주어진 차원과 인덱스에 맞는 input의 원소들을 모아 리턴

torch.gather(input, dim, index) → Tensor

input (Tensor) – the source tensor
dim (int) – the axis along which to index
index (LongTensor) – the indices of elements to gather

🔥 input and index 는 같은 수의 dimensions을 가져야 한다. 🔥

🔥 출력값은 index 와 같은 shape을 갖는다.🔥

>>> A = torch.Tensor([[1,2,3],[4,5,6],[7,8,9]])
>>> index = torch.tensor([[0,0],[1,0]])

>>> B = torch.gather(A, 0, index)

tensor([[1., 2.],
        [4., 2.]])

# 3-D tensor일 경우
out[i][j][k] = input[index[i][j][k]][j][k]  # if dim == 0
out[i][j][k] = input[i][index[i][j][k]][k]  # if dim == 1
out[i][j][k] = input[i][j][index[i][j][k]]  # if dim == 2

▮ nn.Module

torch.nn.Module 은 PyTorch의 모든 Neural Network의 Base Class이다.

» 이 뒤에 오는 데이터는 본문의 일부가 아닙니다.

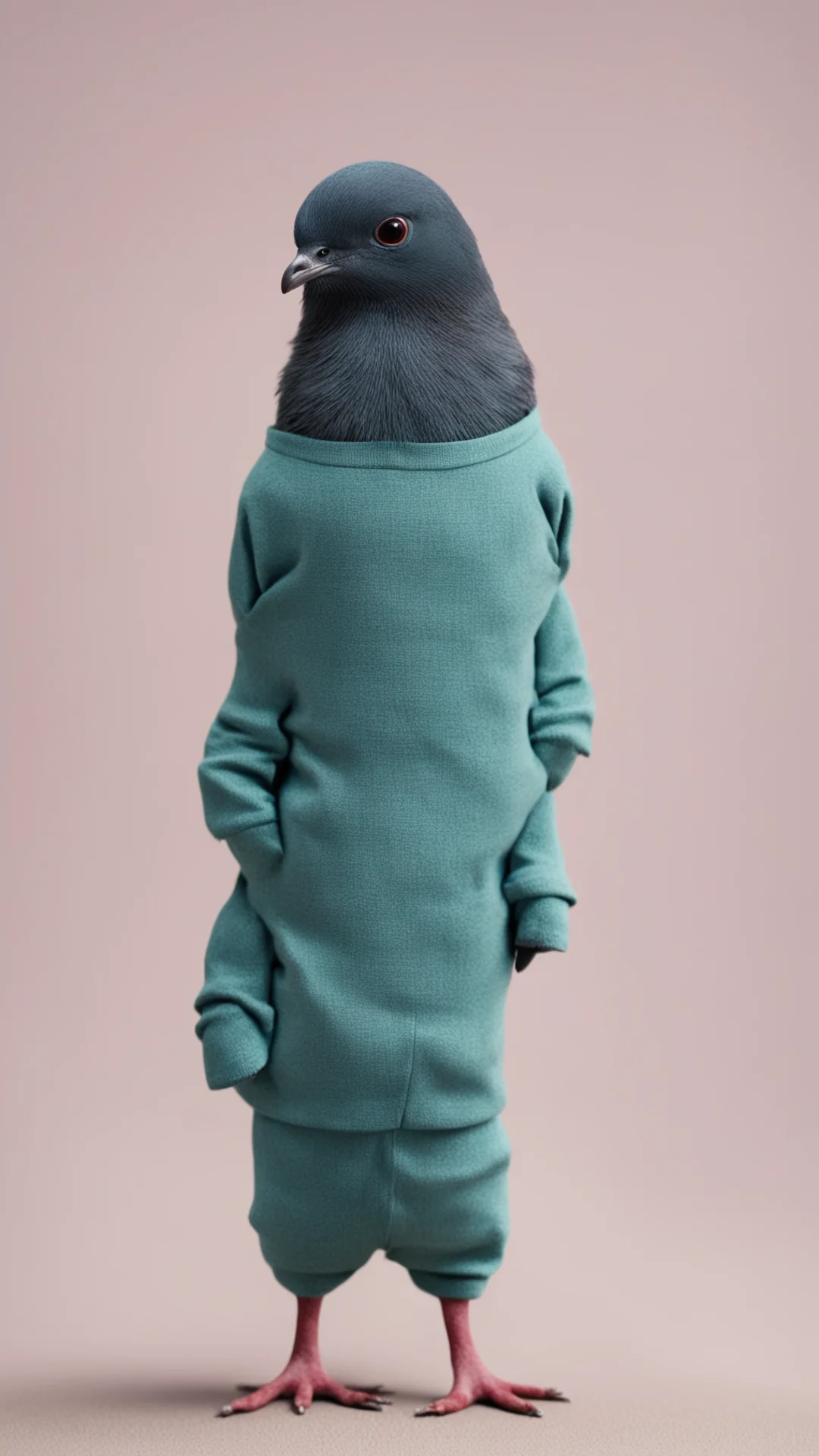 aia pigeon wearing a tracksuit in a stop motion movie tall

nn.Module을 상속받으면 파이토치 프레임워크에 있는 각종 도구를 쉽게 적용할 수 있다.

모듈은 다른 모듈을 포함할 수 있고, 트리 구조로 형성할 수 있다.

forward() 함수를 호출하지 않았는데 add 객체에 파라미터로 전달하면 바로 forward method가 실행된다.

이는 nn.Module을 상속받은 클래스의 특징이다.

▮ nn.Parameter

Tensor 객체의 상속 객체로, nn.Module 내에 attribute가 될 때는 required_grad=True로 지정되어 AutoGrad의 대상이 된다.(학습대상 Tensor)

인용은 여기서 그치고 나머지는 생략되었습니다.